As per a new report at The Wall Street Journal, the state-run China Academy of Engineering Physics (CAEP) - reportedly the country's top nuclear weapons research institute - has managed to get a hold of Intel and NVIDIA hardware. Which we assume have been used to do all of that atomic research.

Hardware from both suppliers has been on an export blocklist since 1997, but even so, the chips were obtained from resellers in China. The CAEP is specifically on the blocklist because of its work in nuclear science, with the report claiming that the study of "computational fluid dynamics" is code for nuclear explosions. To circumvent the restrictions, the CAEP has set up multiple entities and over a dozen aliases, and many of these have been added to the blocklist as recently as June 2020.

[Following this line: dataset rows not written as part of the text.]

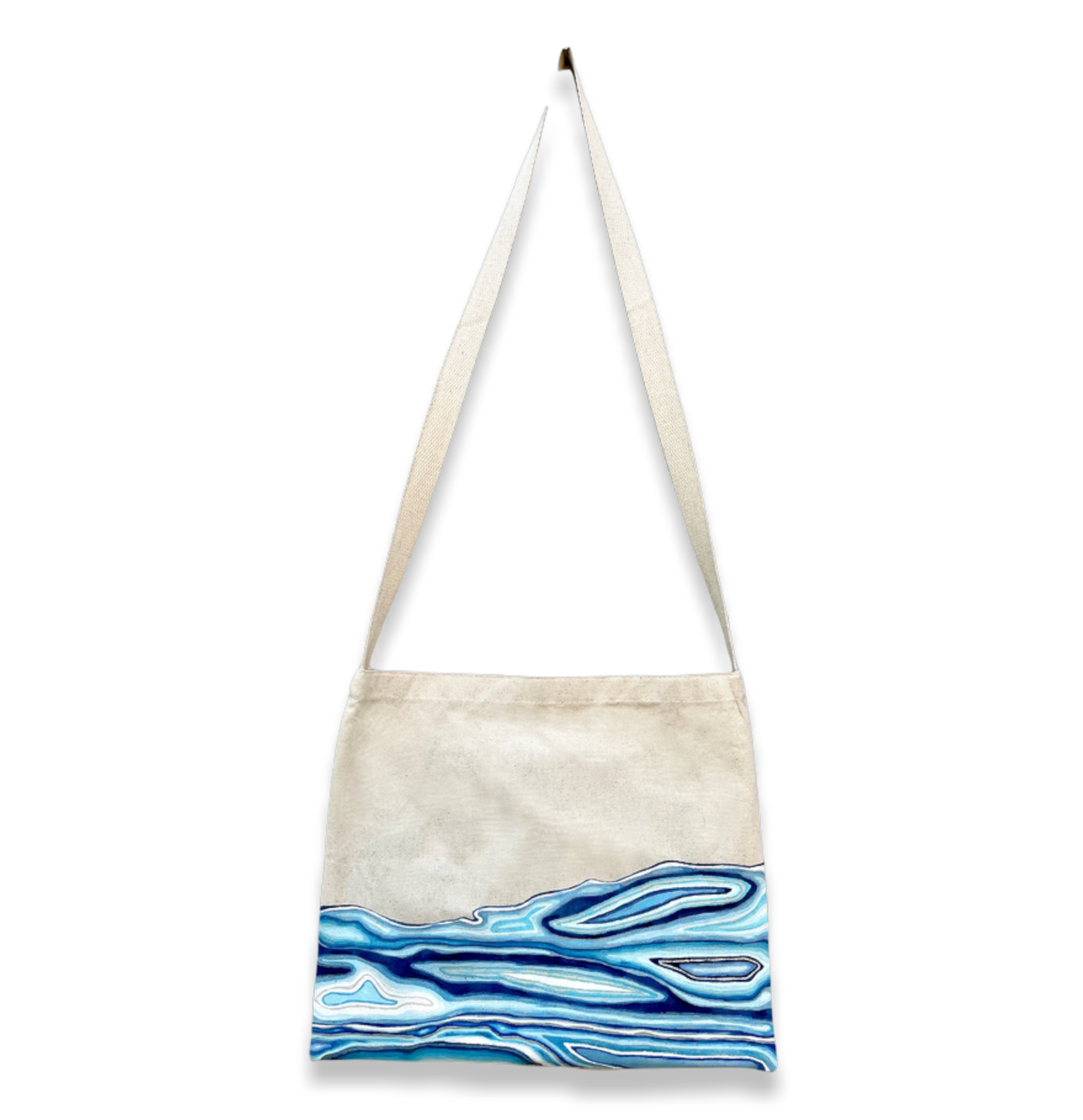 canvas tote bag with blue tone ocean pattern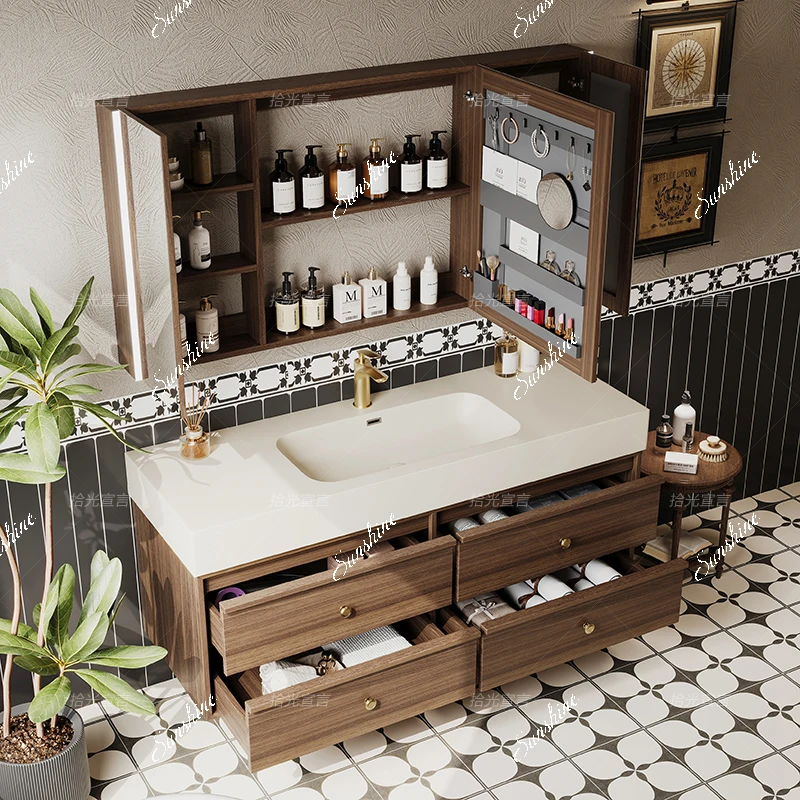 Walnut skin feeling integrated wash basin bathroom cabinet combination bathroom, medieval style bathroom cabinet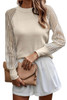 Apricot Striped Mesh Long Sleeve Crewneck Ribbed Top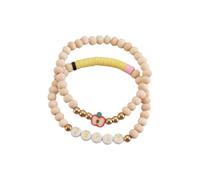 Pingyongchang Teacher Appreciation Bracelet Cute Handmade Ploymer Clay Bracelet Love Teach Inspire Letter Beaded Stretch Bracelet for Women Back to School Jewelry Teacher Graduation Gift, 14 inches
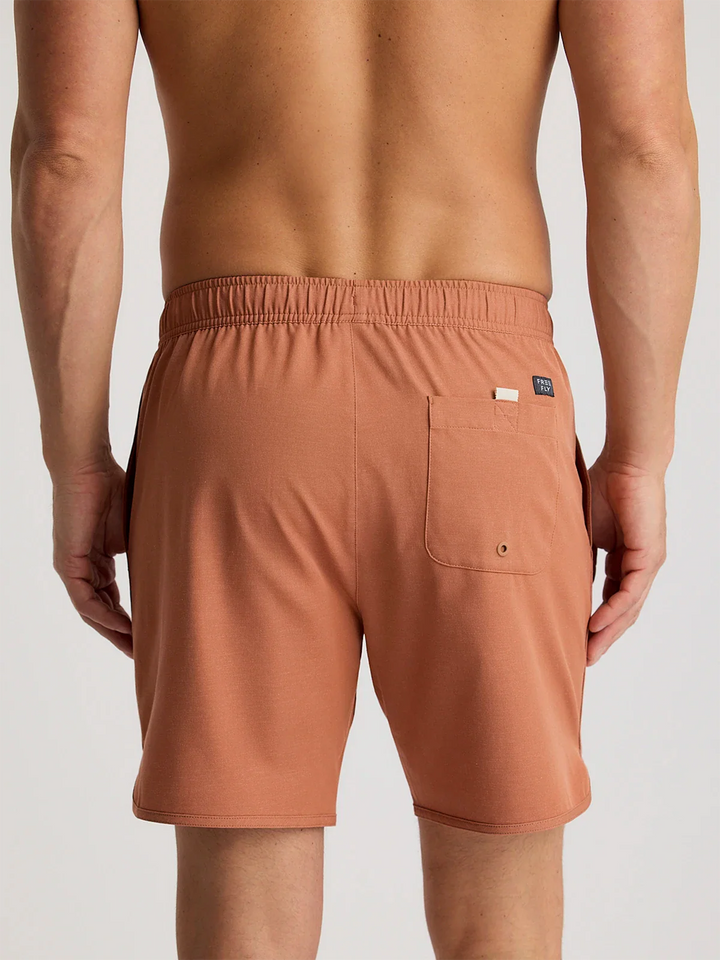 Back view of Free Fly Reverb shorts showing buttoned rear pocket
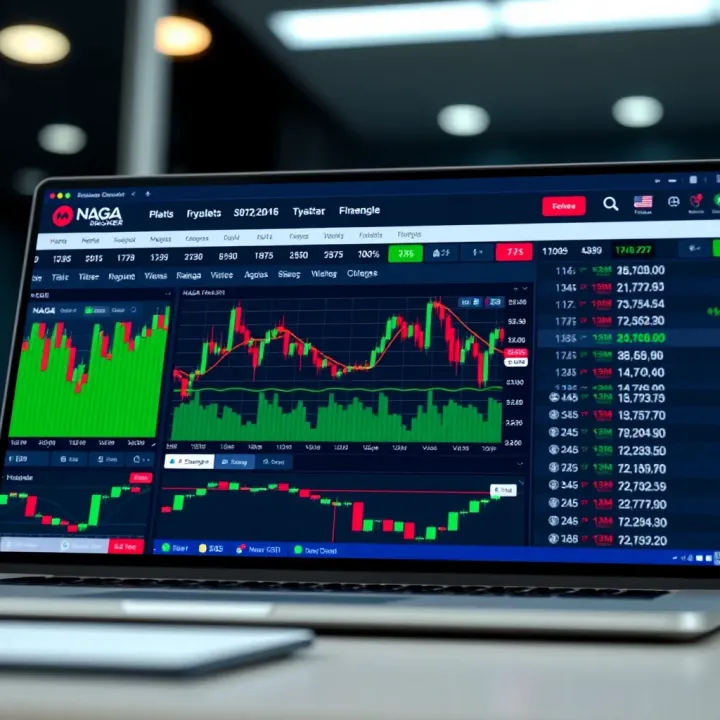 User interface displaying financial charts and social trading features on NAGA Broker platform
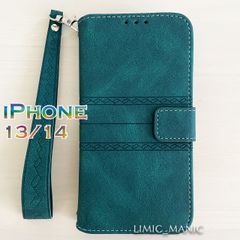 iPhone 14 / 13 スマホ ケース 手帳型 エスニック ショルダー 肩掛け 紐付き ストラップ レザー調 エメラルド グリーン
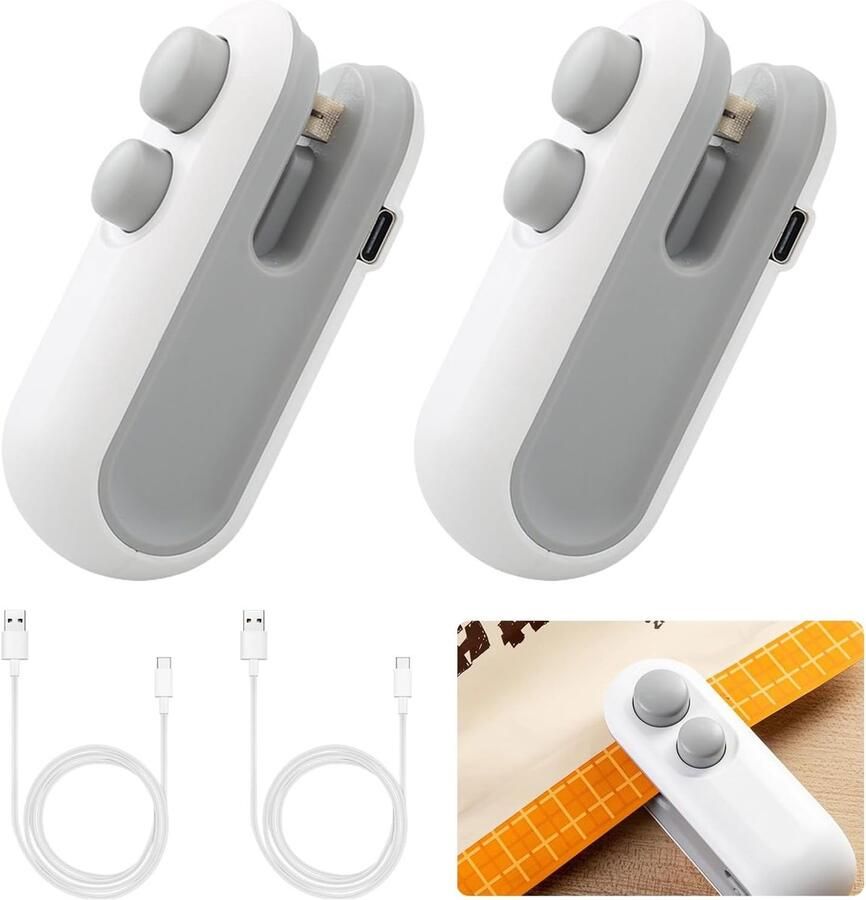 Mini Bag Sealer Hand Sealer Apparaat – 2-delige set – Clipmodel – Compacte sluiter – Snackzaksluiters – Handzame huishoudelijke sluiter – Mini-sluitapparaat – Chipszaksluiters – Draagbare mini-sluiter voor picknicks en op reis Wit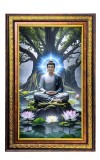 Serene Buddha Digital Golden Balck Color Photo Frame | Hindu Religious Wall Decor | 16x22 Inches - Inspirational Wall Art For Office, Home Decor - Ideal Spiritual Gift (F16523)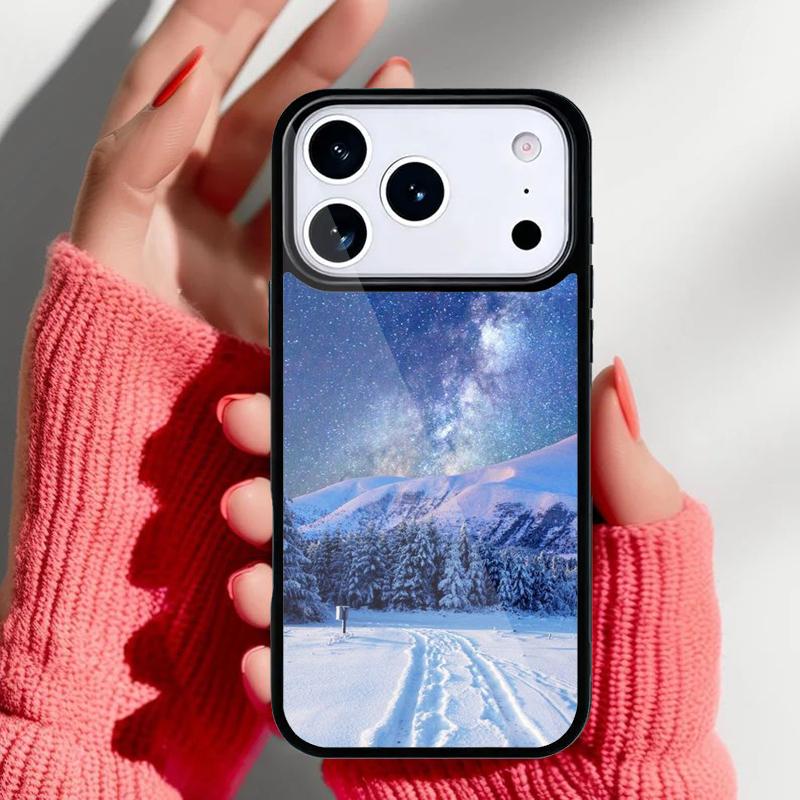Landscape Winter Light Snow Phone Case for iPhone 17 16 15 14 13 Pro Max Back Cover for 12 11 Pro Coque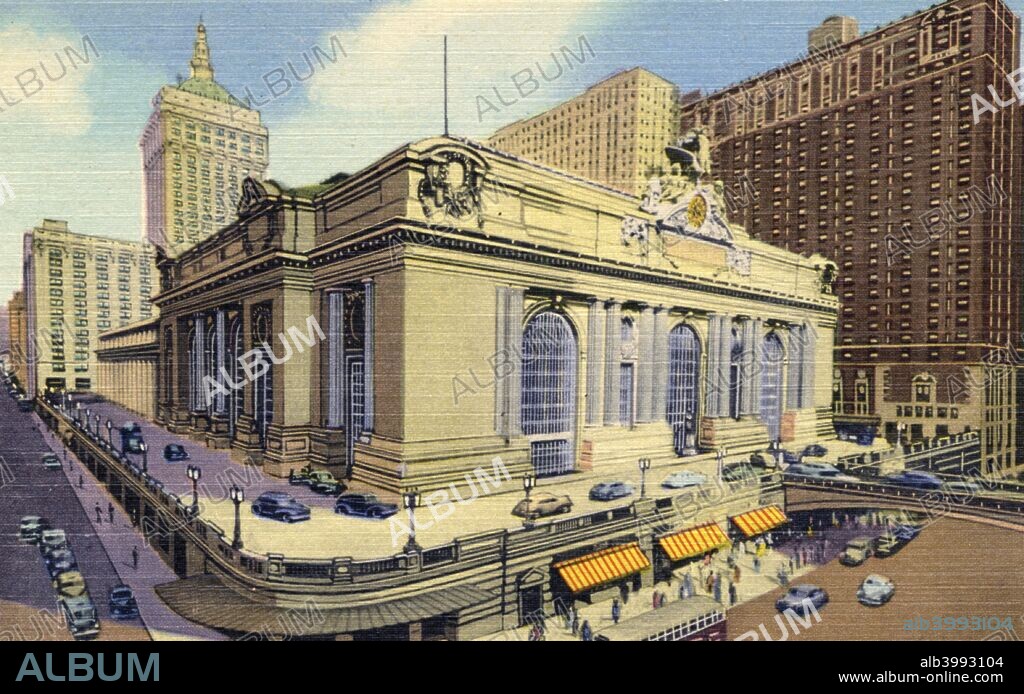 Grand Central Terminal, New York City, New York, USA, 1951. Vintage linen postcard showing the front of Grand Central Station and the busy street in front of the building. Pedestrians and cars are visible. The largest railway station in the world by number of platforms, Grand Central Terminal was built between 1903 and 1913. It was designed by architectural firms Reed and Stem and Warren and Wetmore.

So then, how did they find out about the chips? A review of research papers published by CAEP over the past decade found references to hardware from Intel and NVIDIA - like an Intel Core i7-7800X processor and an NVIDIA GeForce GTX 1080 Ti graphics card. Multiple research papers feature sections about "maintaining nuclear stockpiles," which is a scary thought in its own right. The report notes that the chips used cover everything from 7nm to 14nm process nodes, though there are no records of Intel and NVIDIA chips launched within the last two years being used.
NVIDIA has responded to the report confirming that CAEP is using standard off-the-shelf GPUs for its research and that, based on the vast volumes of GPUs, it would be impossible to track them all. Intel added that it complies with all export regulations and sanctions and expects the same from its distributors.